Command was: CREATE DATABASE "test" WITH TEMPLATE = template0 ENCODING = 'UTF8' LC_COLLATE = 'en_US' LC_CTYPE = 'en_US';


Is there a way around this while still using pg_upgrade? My understanding is that a full dump and restore into a new DB with everything set to en_US.UTF-8 is the only to convert these (if I have to dump/restore, I wouldn't want to keep the mixed environment). Even with parallel jobs, I imagine that's a bit of downtime but I'll have to wait until I can get a copy of prod data to test with to be sure.

Is logical replication an option here? Either maintaining the mixed environment or converting everything to en_US.UTF-8? I'm relatively new in this shop but I'm told they didn't mean to use en_US and there's no reason they wouldn't want to just use the standard/default UTF-8.

Thanks,
Don.

--
Don Seiler
www.seiler.us

Re: Mixed Locales and Upgrading

From
Tom Lane
Date:
Don Seiler <don@seiler.us> writes:
> However this database has encoding UTF8 while still having ctype and
> collation of en_US. I've since found that when this was last upgraded, they
> ran "update pg_database set encoding = pg_char_to_encoding('UTF8') where
> datname = 'test';" to change the encoding.

Egad.

> In my testing, pg_upgrade breaks
> when trying to restore this since UTF8 isn't supported in en_US for the CREATE
> DATABASE command used during pg_restore:

Well, in principle you could likewise manually update pg_database's
datcollate and datctype columns to say "en_US.utf8".  However, there's
a much bigger problem here --- what steps if any did this cowboy take
to ensure that the data inside the database was valid UTF8?

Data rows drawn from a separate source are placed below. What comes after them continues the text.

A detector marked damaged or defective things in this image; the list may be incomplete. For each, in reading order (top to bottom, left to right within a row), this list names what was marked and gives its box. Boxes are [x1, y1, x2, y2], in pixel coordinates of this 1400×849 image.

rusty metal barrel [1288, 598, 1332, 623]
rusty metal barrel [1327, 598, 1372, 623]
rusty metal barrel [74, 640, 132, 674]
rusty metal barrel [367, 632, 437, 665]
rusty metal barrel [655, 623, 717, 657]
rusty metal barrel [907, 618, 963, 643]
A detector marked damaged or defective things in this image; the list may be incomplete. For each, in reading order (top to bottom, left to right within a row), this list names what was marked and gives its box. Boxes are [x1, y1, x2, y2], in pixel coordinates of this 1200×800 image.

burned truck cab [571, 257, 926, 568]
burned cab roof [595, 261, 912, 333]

I don't think you should use pg_upgrade here at all.  A dump/restore
is really the only way to make sure that you have validly encoded data.

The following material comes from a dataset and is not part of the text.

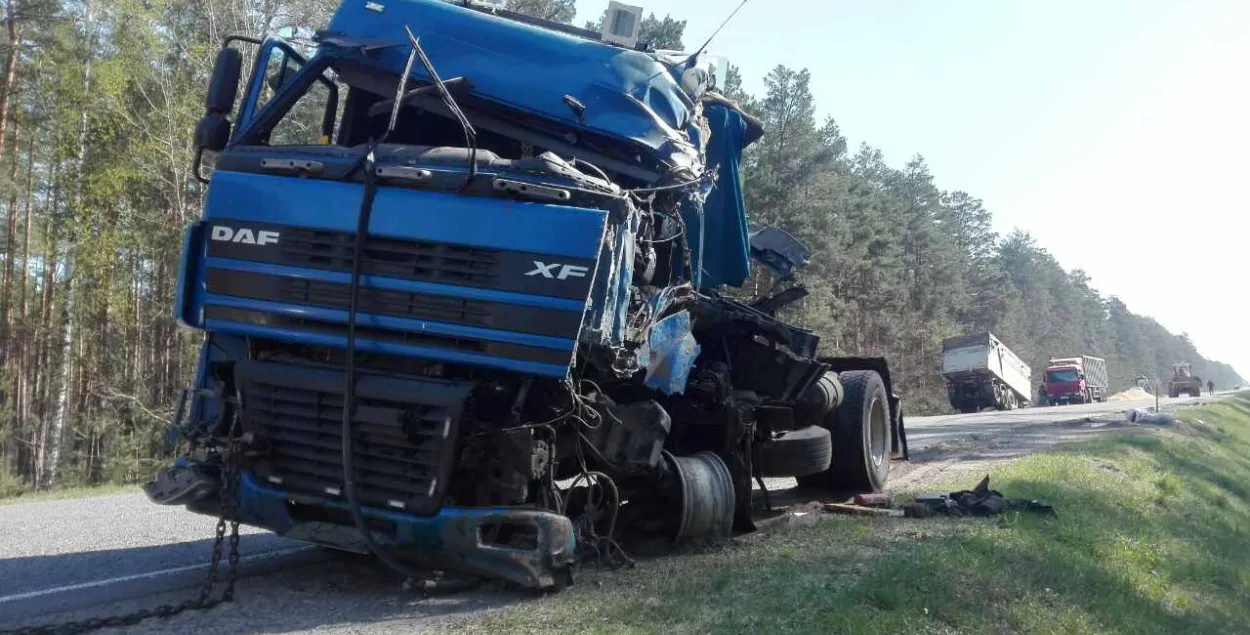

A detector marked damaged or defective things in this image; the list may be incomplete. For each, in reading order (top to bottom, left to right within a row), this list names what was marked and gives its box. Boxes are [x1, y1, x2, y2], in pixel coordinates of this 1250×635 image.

wrecked daf truck [148, 0, 910, 587]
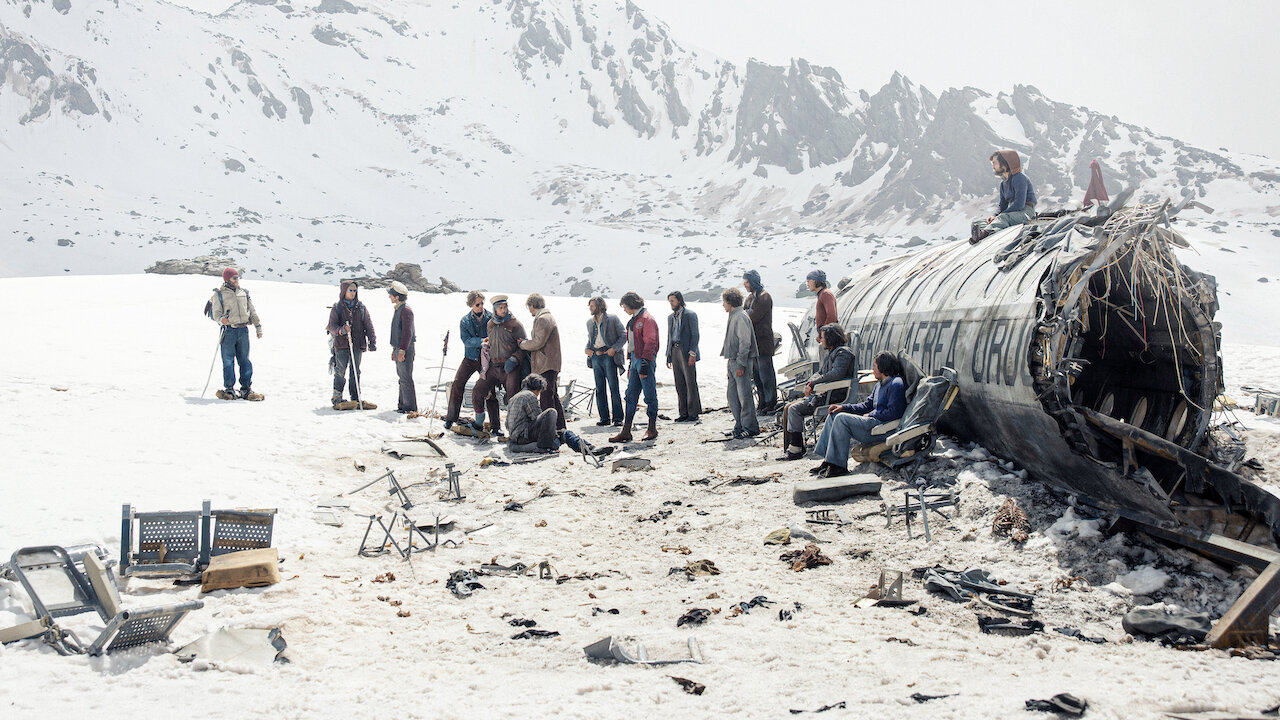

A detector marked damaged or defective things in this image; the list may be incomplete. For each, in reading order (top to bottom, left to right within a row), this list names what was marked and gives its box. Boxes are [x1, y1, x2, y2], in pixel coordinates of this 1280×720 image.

crashed airplane fuselage [796, 200, 1272, 536]
burned material [796, 194, 1280, 544]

However, if it's only one database out of a bunch, you could do something
like

* pg_dump that one database;
* drop said database;
* pg_upgrade everything else;
* restore that one database from dump.

            regards, tom lane



Re: Mixed Locales and Upgrading

From
Don Seiler
Date:
On Mon, Mar 16, 2020 at 10:28 AM Tom Lane <tgl@sss.pgh.pa.us> wrote:

Egad.

My thoughts exactly.
 
Well, in principle you could likewise manually update pg_database's
datcollate and datctype columns to say "en_US.utf8".  However, there's
a much bigger problem here --- what steps if any did this cowboy take
to ensure that the data inside the database was valid UTF8?

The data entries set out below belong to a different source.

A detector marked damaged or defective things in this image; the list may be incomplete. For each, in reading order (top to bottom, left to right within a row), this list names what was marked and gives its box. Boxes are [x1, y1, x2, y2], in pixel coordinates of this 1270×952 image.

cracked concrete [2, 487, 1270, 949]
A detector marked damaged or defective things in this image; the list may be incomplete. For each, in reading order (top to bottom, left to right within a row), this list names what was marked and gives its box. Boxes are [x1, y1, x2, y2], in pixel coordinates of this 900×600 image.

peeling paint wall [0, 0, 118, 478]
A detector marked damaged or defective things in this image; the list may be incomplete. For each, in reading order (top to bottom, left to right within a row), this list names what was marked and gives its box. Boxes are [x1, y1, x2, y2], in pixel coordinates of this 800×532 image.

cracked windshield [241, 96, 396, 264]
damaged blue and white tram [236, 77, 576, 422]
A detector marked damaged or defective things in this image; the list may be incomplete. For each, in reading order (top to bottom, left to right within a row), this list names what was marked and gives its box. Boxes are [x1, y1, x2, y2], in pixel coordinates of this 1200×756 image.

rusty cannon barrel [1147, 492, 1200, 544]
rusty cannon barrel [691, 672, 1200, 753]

No steps that I've seen from the chat history I've been able to search. I'm not sure if there was an (invalid) assumption that LATIN1 is a subset of UTF-8 or if it was done in a panic to get the import/update working years ago.
 
I don't think you should use pg_upgrade here at all.  A dump/restore
is really the only way to make sure that you have validly encoded data.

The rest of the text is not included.